Guest post by Danny Johnson.
A few weeks ago, roughly around the time around the time that oil started leaking in the gulf, being an incumbent became a major political liability, and Sam Glover was having an epic debate about cloud computing and blog ethics on the Lawyerist, I had an epiphany. I suddenly realized that the legal Software-as-a-Service (SaaS) market is about to tip.
The legal SaaS and cloud computing market has been around since at least 2001, longer than most people realize (even outdating the terms “SaaS” and “cloud computing“), but its initial growth rate was very slow. Although there were a number of forward thinking law firms that were early adopters and quickly caught the SaaS vision, it wasn’t until around 2007 or 2008 when legal SaaS grew up and the technology became an important strategic decision for all law firms.
5 Reasons for SaaS Acceptance
Most of the reasons for the surge in SaaS popularity have to do with the inherent benefits of its delivery model such as anywhere access, real-time collaboration, zero upfront costs and lower total cost of ownership, but there were also a number of external factors that boosted its acceptance.
Web hosted applications like Facebook and Google have become a way of life. In today’s society, it is much easier for the average person to know what their junior high school sweetheart is doing and communicate with him or her, than to communicate and collaborate with their co-workers on business critical tasks. Over the last decade, web sharing, collaboration and instant communication became a way of life for most of us in our personal lives, and people began to want the same freedom in their work life. Just as it has in the past, consumer demands were a key driving force behind business innovation and the demand for legal tools accessible from anywhere with the power to collaborate with clients, opposing parties, etc., forced businesses and technology vendors to innovate and create those tools for law firms.
With the economic downturn, cost cutting became trendy and law firms of all sizes were looking for ways to reduce costs while remaining competitive. Many firms saw SaaS as the way to do that. Legal Software-as-a-Service tools not only gave law firms a competitive advantage by providing innovative technology, but the lower cost of ownership and pay as you go pricing model enabled firms to lower technology expenses as well.
The rise of SaaS technology perfectly coincided with the proliferation of internet ready mobile devices. It gave lawyers the ability to access the same technology they used at the office, or from their laptop, directly from their mobile devices through the browser or an app without any extra cost or IT headache.
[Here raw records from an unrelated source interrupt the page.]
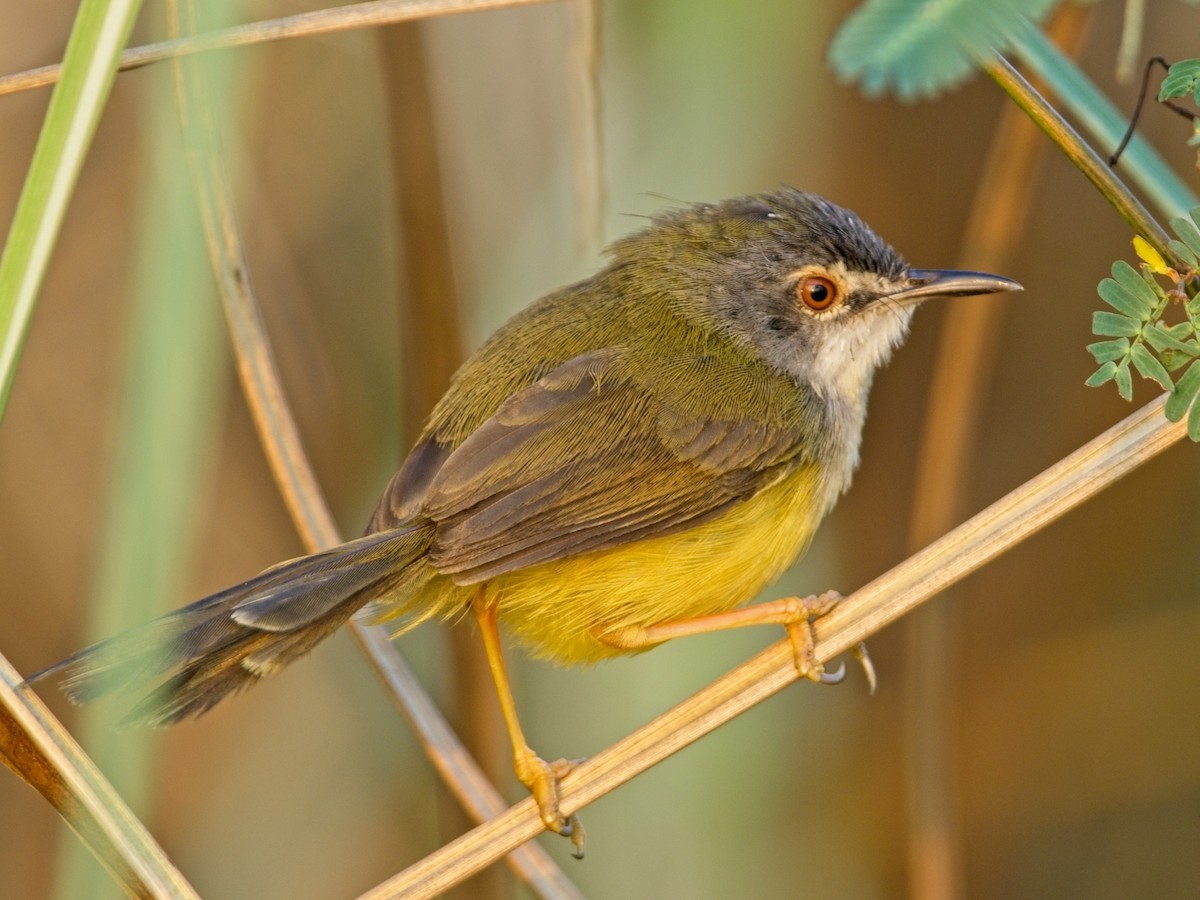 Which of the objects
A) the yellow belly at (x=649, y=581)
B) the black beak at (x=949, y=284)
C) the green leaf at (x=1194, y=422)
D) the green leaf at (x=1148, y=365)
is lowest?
the green leaf at (x=1194, y=422)

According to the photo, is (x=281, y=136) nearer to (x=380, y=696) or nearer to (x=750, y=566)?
(x=380, y=696)

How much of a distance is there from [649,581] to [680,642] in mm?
698

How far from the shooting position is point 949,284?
279 cm

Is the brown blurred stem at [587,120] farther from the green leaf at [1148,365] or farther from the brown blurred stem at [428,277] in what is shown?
the green leaf at [1148,365]

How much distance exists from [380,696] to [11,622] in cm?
116

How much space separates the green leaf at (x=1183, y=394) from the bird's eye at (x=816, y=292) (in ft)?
4.61

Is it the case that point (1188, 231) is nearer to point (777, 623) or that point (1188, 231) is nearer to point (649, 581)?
point (777, 623)

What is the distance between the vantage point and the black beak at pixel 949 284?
2.67 metres

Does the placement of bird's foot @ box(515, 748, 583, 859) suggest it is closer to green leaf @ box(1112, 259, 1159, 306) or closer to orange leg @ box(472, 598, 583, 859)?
orange leg @ box(472, 598, 583, 859)

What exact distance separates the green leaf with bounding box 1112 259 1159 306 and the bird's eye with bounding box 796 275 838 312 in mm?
1338

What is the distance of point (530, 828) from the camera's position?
220cm

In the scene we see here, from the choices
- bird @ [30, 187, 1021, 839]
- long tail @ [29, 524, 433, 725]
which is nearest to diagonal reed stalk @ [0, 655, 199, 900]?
long tail @ [29, 524, 433, 725]

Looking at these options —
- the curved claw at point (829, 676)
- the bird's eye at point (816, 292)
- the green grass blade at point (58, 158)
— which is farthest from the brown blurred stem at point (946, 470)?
the green grass blade at point (58, 158)

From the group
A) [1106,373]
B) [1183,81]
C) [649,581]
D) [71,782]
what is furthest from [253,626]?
[1183,81] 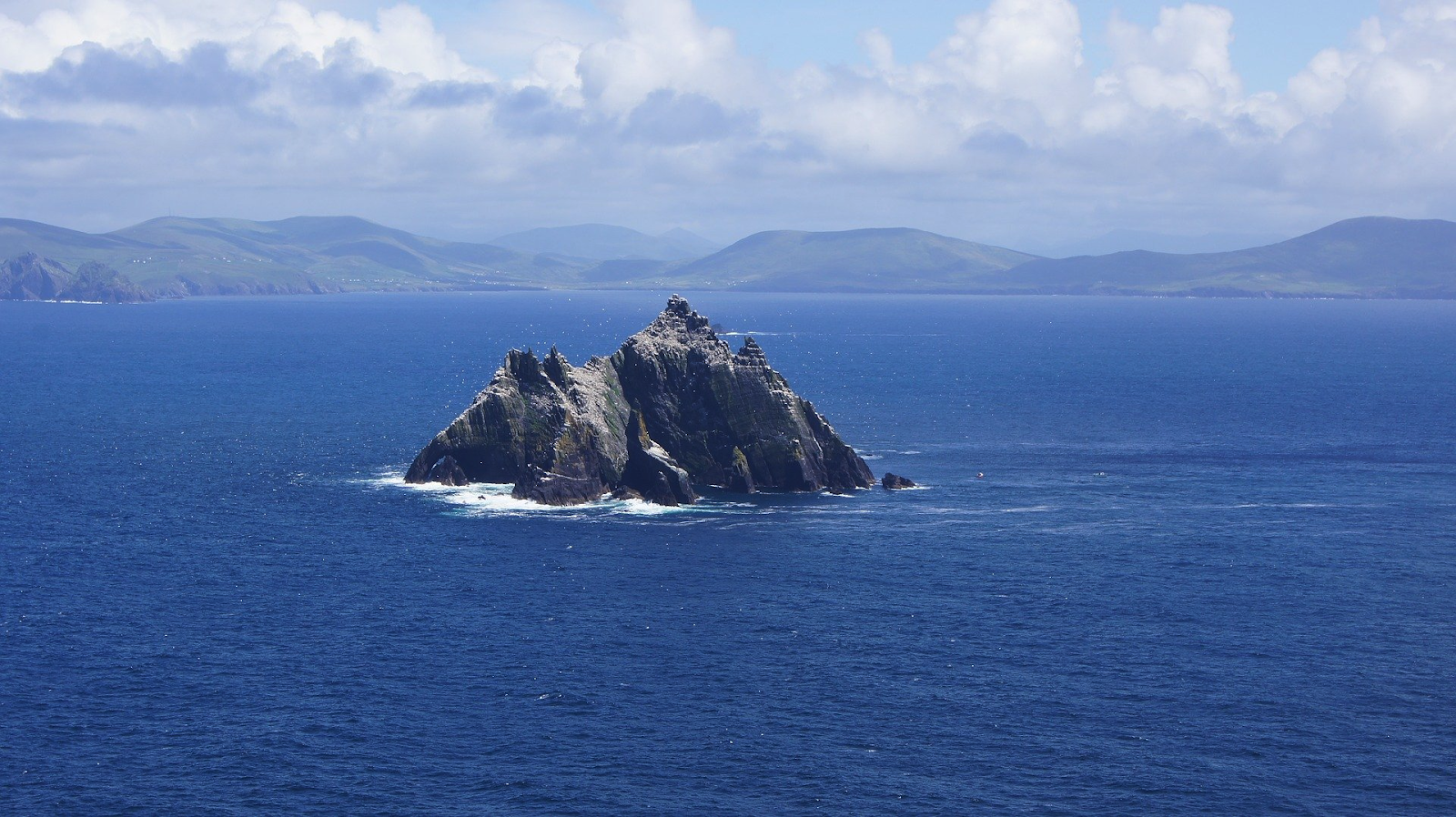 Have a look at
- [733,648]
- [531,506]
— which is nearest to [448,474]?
[531,506]

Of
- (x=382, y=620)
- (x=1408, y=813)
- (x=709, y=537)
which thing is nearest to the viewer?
(x=1408, y=813)

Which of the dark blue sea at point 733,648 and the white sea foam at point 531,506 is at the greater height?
the white sea foam at point 531,506

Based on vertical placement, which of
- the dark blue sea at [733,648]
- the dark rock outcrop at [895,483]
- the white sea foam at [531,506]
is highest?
the dark rock outcrop at [895,483]

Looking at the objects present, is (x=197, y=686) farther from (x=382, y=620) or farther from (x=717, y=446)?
(x=717, y=446)

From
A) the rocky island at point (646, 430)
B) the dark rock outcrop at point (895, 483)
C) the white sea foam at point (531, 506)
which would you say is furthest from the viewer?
the dark rock outcrop at point (895, 483)

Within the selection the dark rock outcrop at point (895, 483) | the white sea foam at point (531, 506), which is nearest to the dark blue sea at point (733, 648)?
the white sea foam at point (531, 506)

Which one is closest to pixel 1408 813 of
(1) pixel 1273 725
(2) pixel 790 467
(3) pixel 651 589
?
(1) pixel 1273 725

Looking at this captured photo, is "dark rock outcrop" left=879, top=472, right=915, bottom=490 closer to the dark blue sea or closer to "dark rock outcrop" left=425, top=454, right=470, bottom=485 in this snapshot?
the dark blue sea

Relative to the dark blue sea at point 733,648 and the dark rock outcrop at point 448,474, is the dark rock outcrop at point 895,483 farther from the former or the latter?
the dark rock outcrop at point 448,474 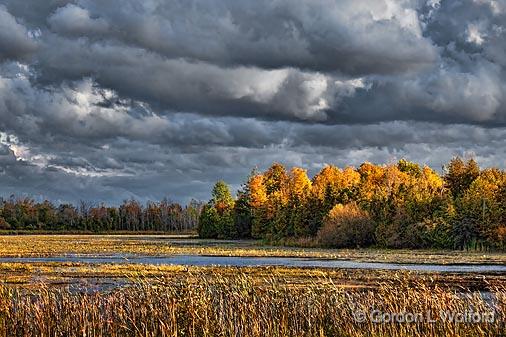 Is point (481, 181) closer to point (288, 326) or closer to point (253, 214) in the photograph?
point (253, 214)

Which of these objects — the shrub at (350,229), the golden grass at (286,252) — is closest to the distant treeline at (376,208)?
the shrub at (350,229)

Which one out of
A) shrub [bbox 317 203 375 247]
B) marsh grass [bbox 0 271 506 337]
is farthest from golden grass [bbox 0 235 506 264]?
marsh grass [bbox 0 271 506 337]

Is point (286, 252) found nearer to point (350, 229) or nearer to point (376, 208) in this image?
point (350, 229)

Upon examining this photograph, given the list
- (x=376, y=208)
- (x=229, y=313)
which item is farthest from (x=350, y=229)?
(x=229, y=313)

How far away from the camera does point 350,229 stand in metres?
95.4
It would be easy to look back and wonder why the old guard in legal technology did not recognize this changing business climate and figure out a way to deliver their own legacy products over the web, but then again, the old model was lucrative and the vendor had total control of the customer, and has history has demonstrated, control and power are hard to give up. It took a new breed of legal technology companies, especially in the practice management area, to build quality products that provided lawyers with the tools they were accustomed to, coupled with the tools of the new web for Software-as-a-Service to gain universal acceptance. Over the past three years, numerous companies such as Advologix, Clio, and RocketMatter have done a lot to promote awareness and adoption of SaaS for law firms.
5. SaaS Evangelists
Along with the growth new legal SaaS companies, there were a whole slew of lawyers who didn’t just enjoy the benefits of the technologies in their own practice, but took it upon themselves to promote it to others. People like Steph Kimbro, Seth Rowland and Niki Black didn’t just make terms like “Cloud Computing,” “multi-tenancy” and “SaaS” household terminology, but made sure we understood their meanings and ethical implications.
Current State of Legal SaaS
The proliferation of cloud/SaaS tools and adoption has made it so it lawyers working at small firms, or solo practitioners running a virtual office can have access to the exact same powerful technologies that were once available only too large firms with dedicated IT servers and staff. The multi-tenancy architecture of the Software-as-a-Service model provides everyone the power to throw out their IT hat and pay only for what they use.
Will the lawyer who would rather be locked in by legacy software products continue to exist? Maybe for a little while, but a radical paradigm shift in technology and in the way lawyers work has begun.
Danny Johnson works for the NetDocuments marketing department.